#!/usr/bin/env python
# coding: utf-8

# # Working with Tracery in Python
# 
# By [Allison Parrish](http://www.decontextualize.com)
# 
# This tutorial shows you how to use [Tracery](http://tracery.io) in your Python programs. In particular, it shows a handful of useful patterns for incorporating large amounts of data into your Tracery grammars that would be impractical or inconvenient to do with a Tracery generator on its own.
# 
# Tracery is an easy-to-use but powerful language and toolset for generating text from grammars made by [Kate Compton](http://www.galaxykate.com/). If you're not familiar with how Tracery works, try [the official tutorial](http://www.crystalcodepalace.com/traceryTut.html) or [this tutorial I wrote](http://air.decontextualize.com/tracery/).
# 
# This tutorial is written for Python 3+ and should work also on 2.7.

# ## Simple example
# 
# In order to generate text from a Tracery grammar in Python, you'll need to install the [Tracery Python module](https://pypi.python.org/pypi/tracery). It's easiest to do this with `pip` at the command line, like so:
# 
#     pip install tracery
#     
# (If you get a permissions error, try `pip install --user tracery`.)
# 
# Once you've installed the `tracery` module, try the following example program:

# In[1]:


import tracery
from tracery.modifiers import base_english

# put your grammar here as the value assigned to "rules"
rules = {
    "origin": "#hello.capitalize#, #location#!",
    "hello": ["hello", "greetings", "howdy", "hey"],
    "location": ["world", "solar system", "galaxy", "universe"]
}

grammar = tracery.Grammar(rules) # create a grammar object from the rules
grammar.add_modifiers(base_english) # add pre-programmed modifiers
print(grammar.flatten("#origin#")) # and flatten, starting with origin rule


# This program takes a Tracery grammar (in the form of a Python dictionary) and "flattens" it, printing its output to standard output. You can take the content of a Tracery grammar you've written and paste it into this Python program as the value being assigned to the variable `rules` (unless your Tracery grammar uses some aspect of JSON formatting that works differently in Python, like Unicode escapes). Run the program from the command line (or in the cell above, if you're viewing this in Jupyter Notebook) and you'll get a line of output from your grammar.

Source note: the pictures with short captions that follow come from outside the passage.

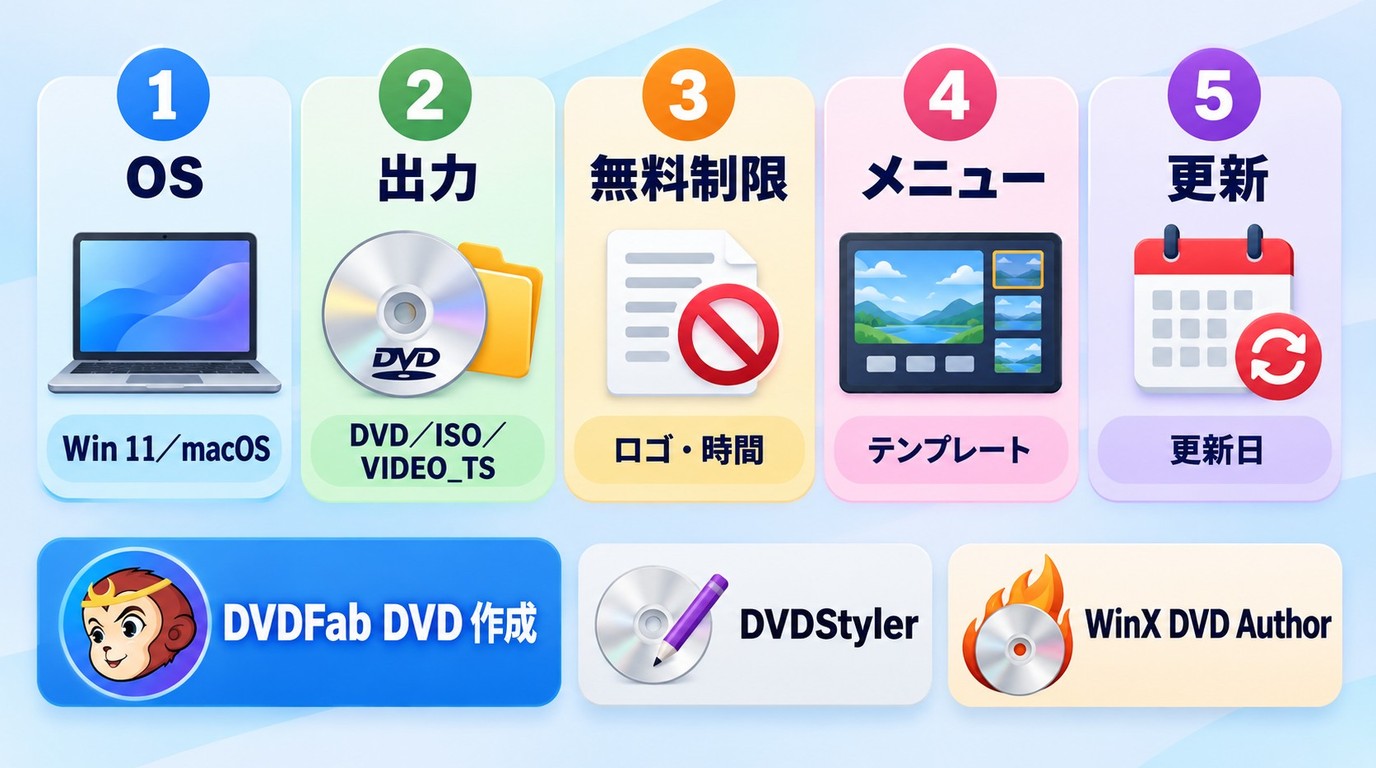 対応OSや出力形式からDVDオーサリングソフトを選ぶ確認手順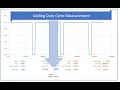 Measure Duty Cycle with Arduino Exceloscope part 7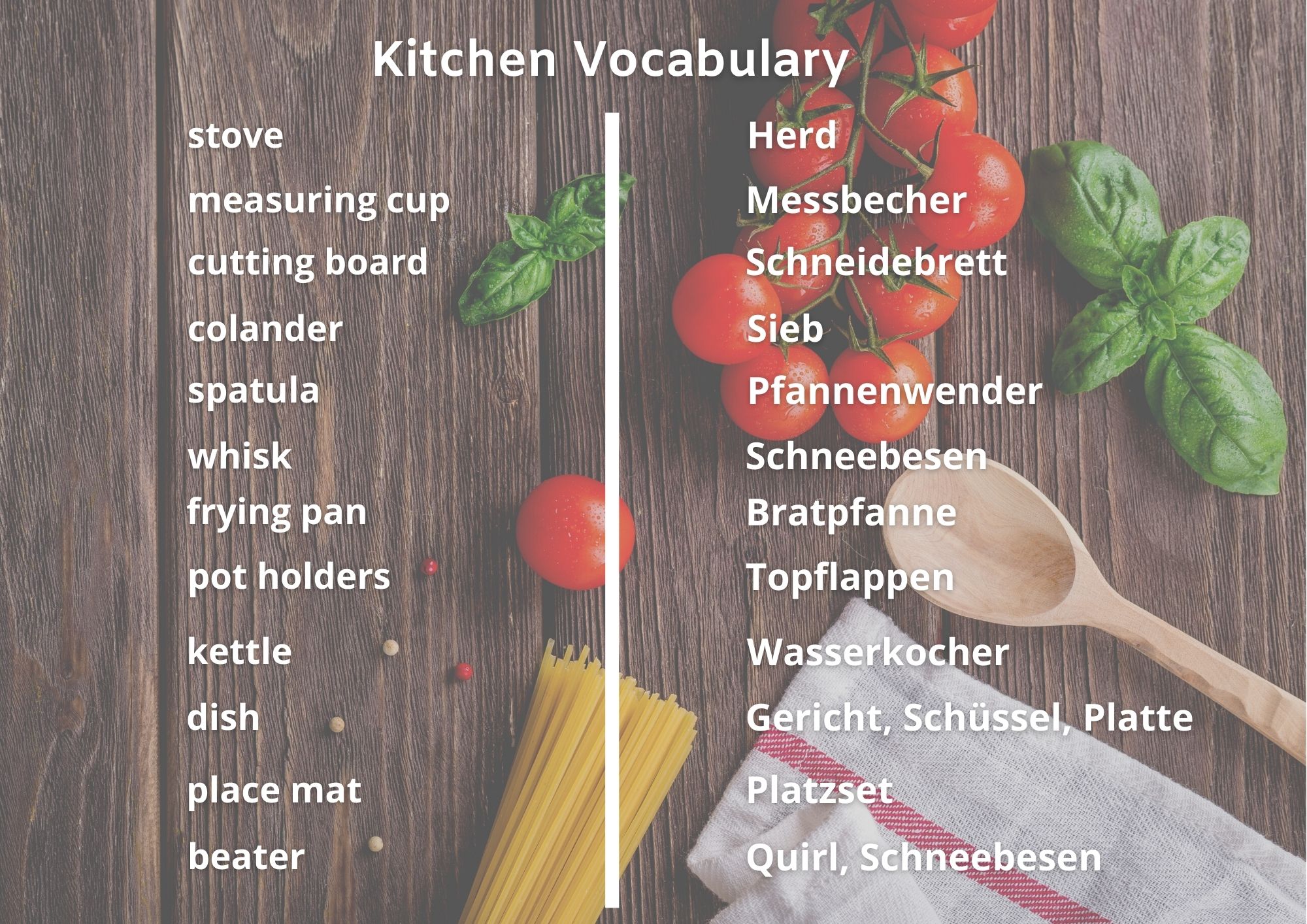 Was Heißt Kochen Auf Englisch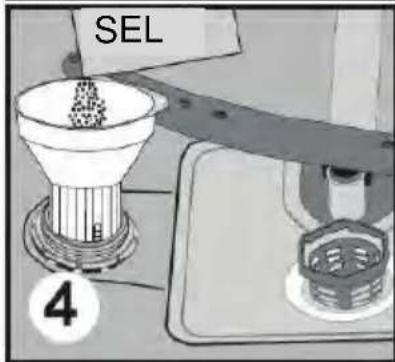 SABA LVS15C39VE16W - Chargement du sel dans le réservoir de l'adoucisseur d'eau - 3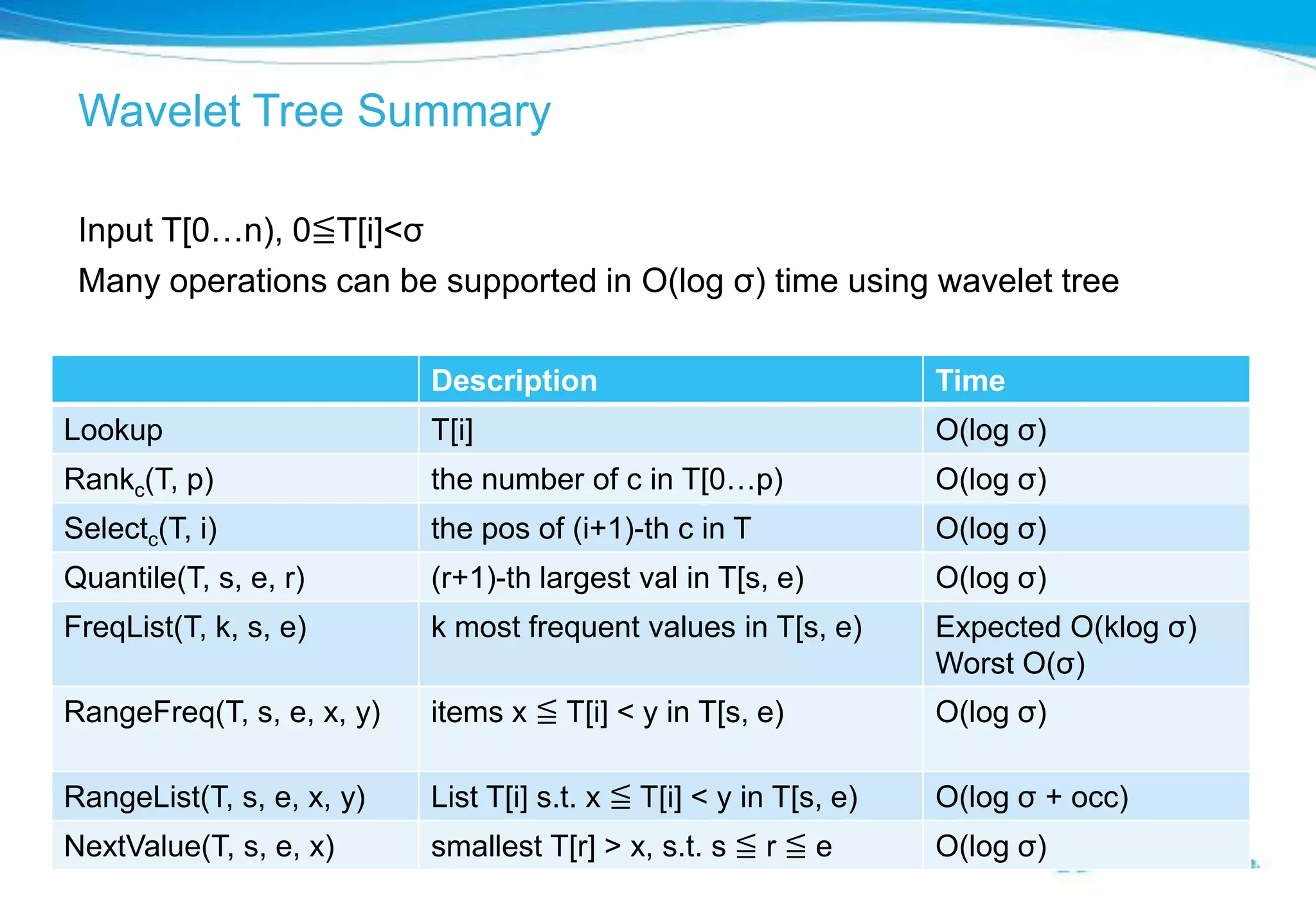 Wavelet Tree Summary

 Input T[0…n), 0≦T[i]<σ
 Many operations can be supported in O(log σ) time using wavelet tree

                           Description                              Time
Lookup                     T[i]                                     O(log σ)
Rankc(T, p)                the number of c in T[0…p)                O(log σ)
Selectc(T, i)              the pos of (i+1)-th c in T               O(log σ)
Quantile(T, s, e, r)       (r+1)-th largest val in T[s, e)          O(log σ)
FreqList(T, k, s, e)       k most frequent values in T[s, e)        Expected O(klog σ)
                                                                    Worst O(σ)
RangeFreq(T, s, e, x, y)   items x ≦ T[i] < y in T[s, e)            O(log σ)

RangeList(T, s, e, x, y)   List T[i] s.t. x ≦ T[i] < y in T[s, e)   O(log σ + occ)
NextValue(T, s, e, x)      smallest T[r] > x, s.t. s ≦ r ≦ e        O(log σ)
 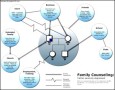 Ecomap – Effects of Depression Template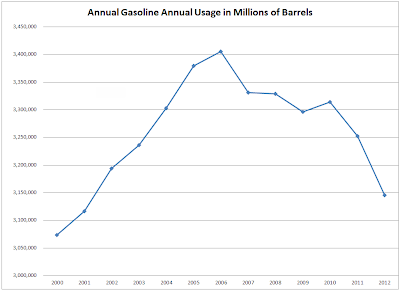 Wallace%2Bgasoline%2BUsage%2B-%2B%2B2013-01%2BAnnual.png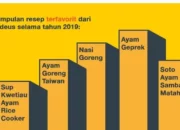 Resep Endeus TV, Rahasia Masakan Lezat dan Mudah untuk Hidangan Keluarga, Bikin Meja Makan Makin Istimewa!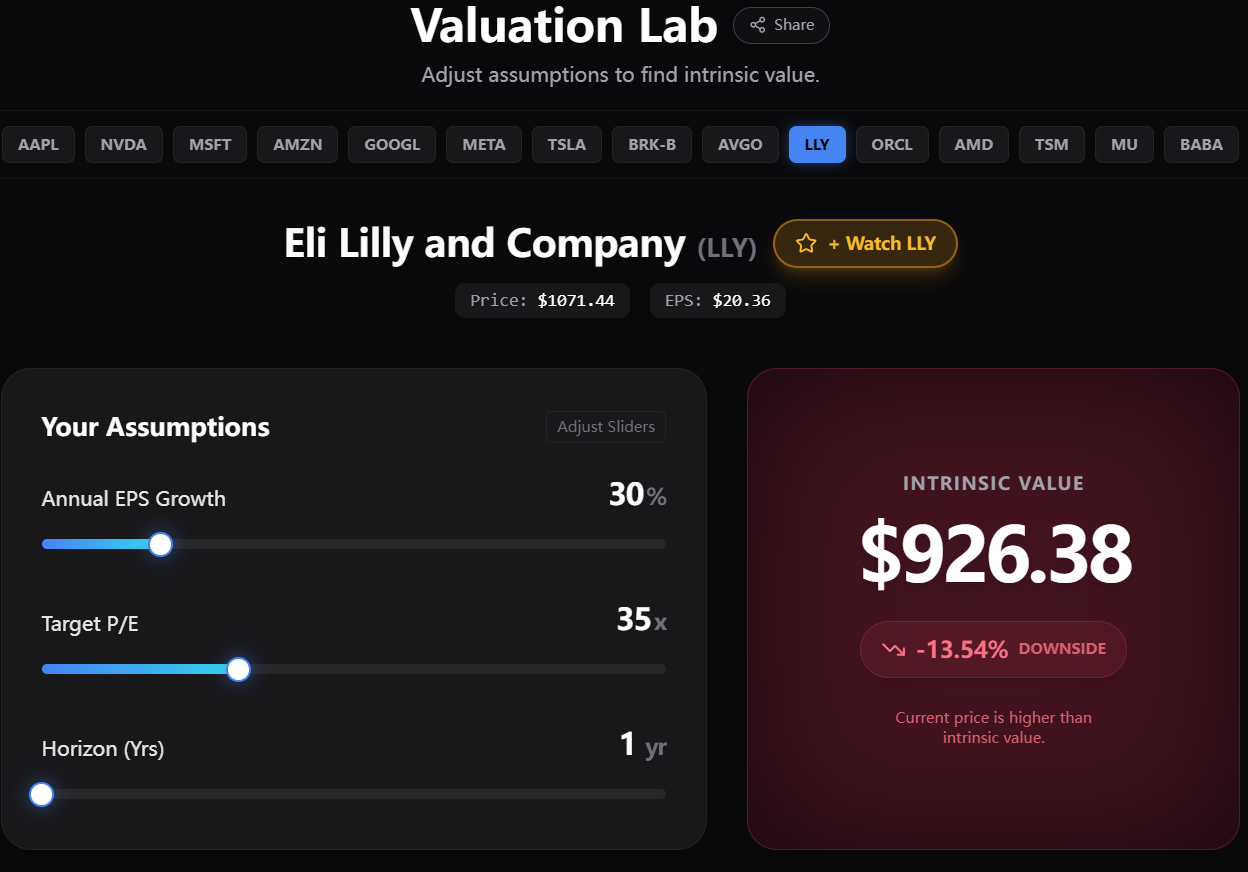 Eli Lilly (LLY) Q3 2025 Deep Dive: Why Pharma's 'SaaS King' Surged 54% ...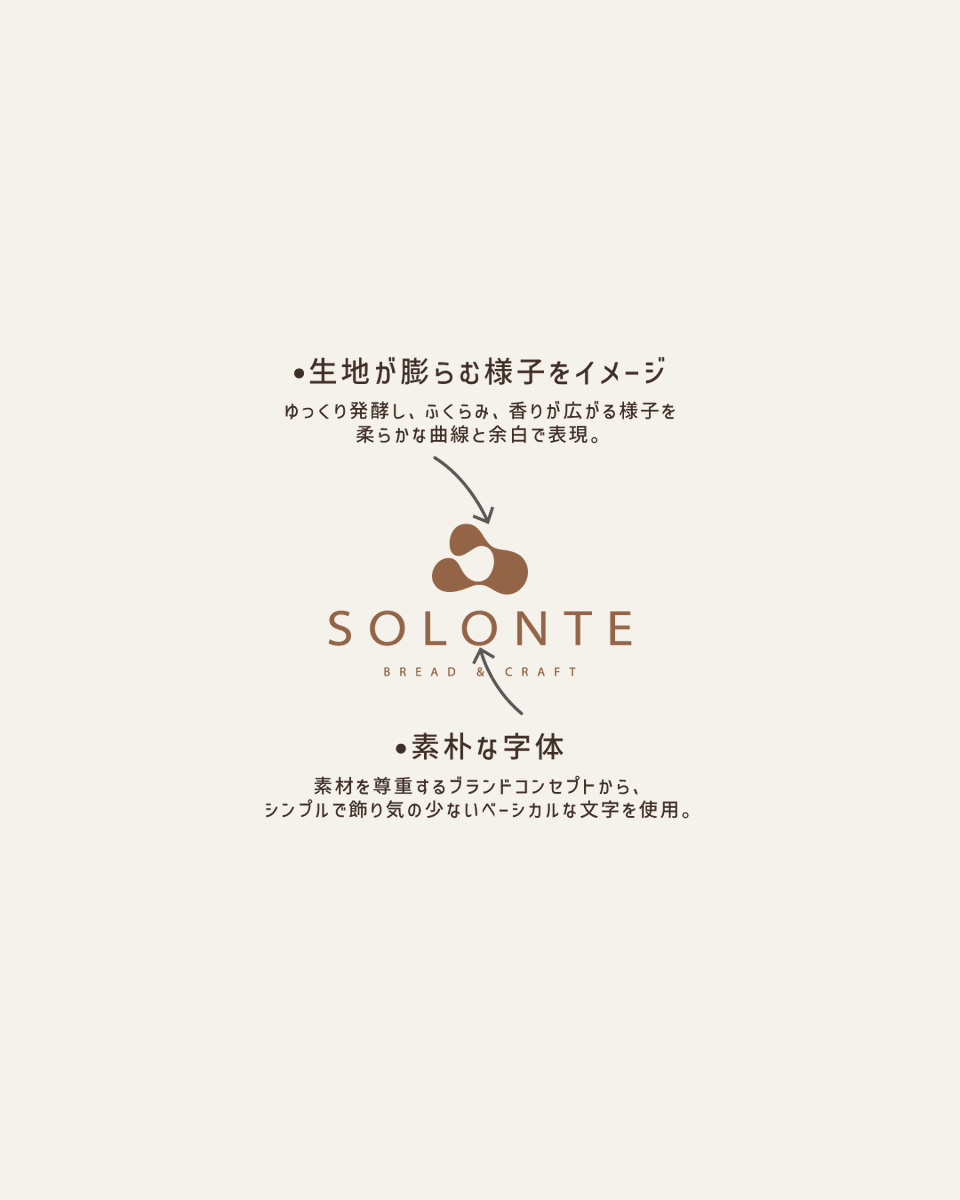 Hue_and_Co's tweet photo. SOLONTE_ベーカリースタジオ
パン���地が膨らむ様子をシンボルで表現。
#ロゴデザイン　#ブランディング　#パン屋　＃パン屋さん　＃名刺　＃ショップカード https://t.co/4UlslDnXmf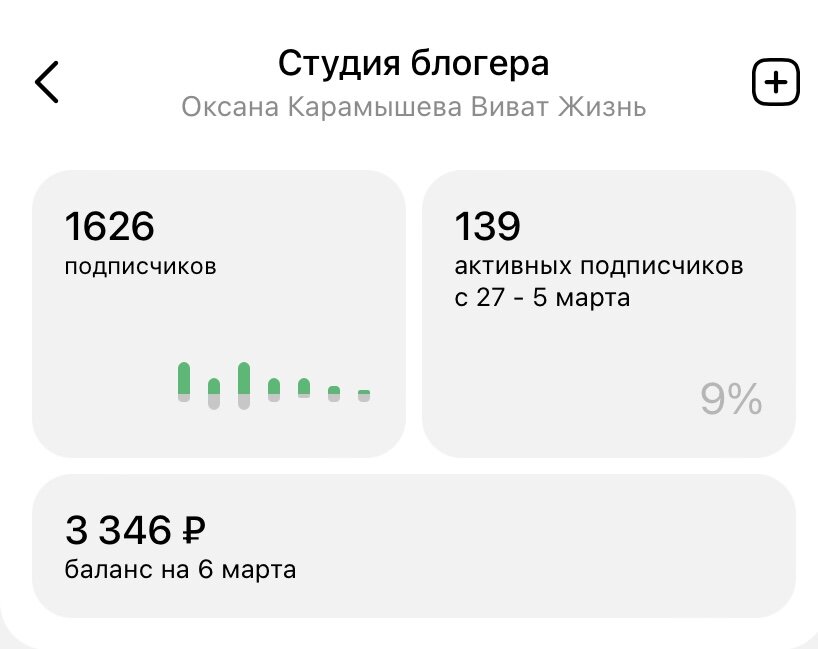 Так сейчас выглядит моя дзен студия. 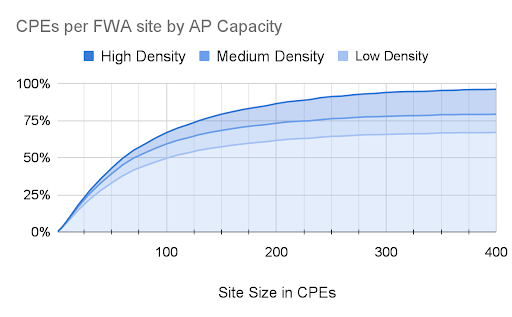 Graph showing CPEs per FWA Site by AP Capacity.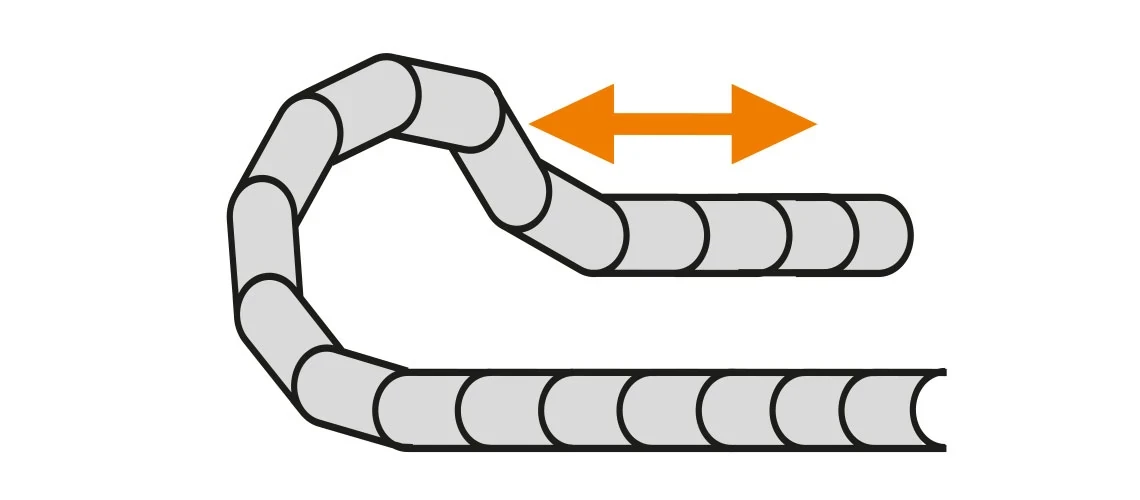 Sliding movement type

# ## Reading a Tracery grammar from a JSON file
# 
# You may already have a set of Tracery grammar files that you want to generate from, or don't want to cut-and-paste the grammar into your Python script. If this is the case, no problem! You can use Python's `json` library to load any file containing a Tracery grammar from a JSON file. The program below shows how this works.
# 
# Included is a sample grammar called `test-grammar.json`. Let's have a look.

# In[2]:


get_ipython().system('cat test-grammar.json')


# Python's `json` module provides functions for reading JSON-formatted data into Python as Python data structures, and exporting Python data structures to JSON format. The `.loads()` function from the module parses a string containing JSON-formatted data and returns the corresponding Python data structure (a dictionary or a list).

# In[3]:


import tracery
from tracery.modifiers import base_english
import json

# use json.loads() and open() to read in a JSON file as a Python data structure
rules = json.loads(open("test-grammar.json").read())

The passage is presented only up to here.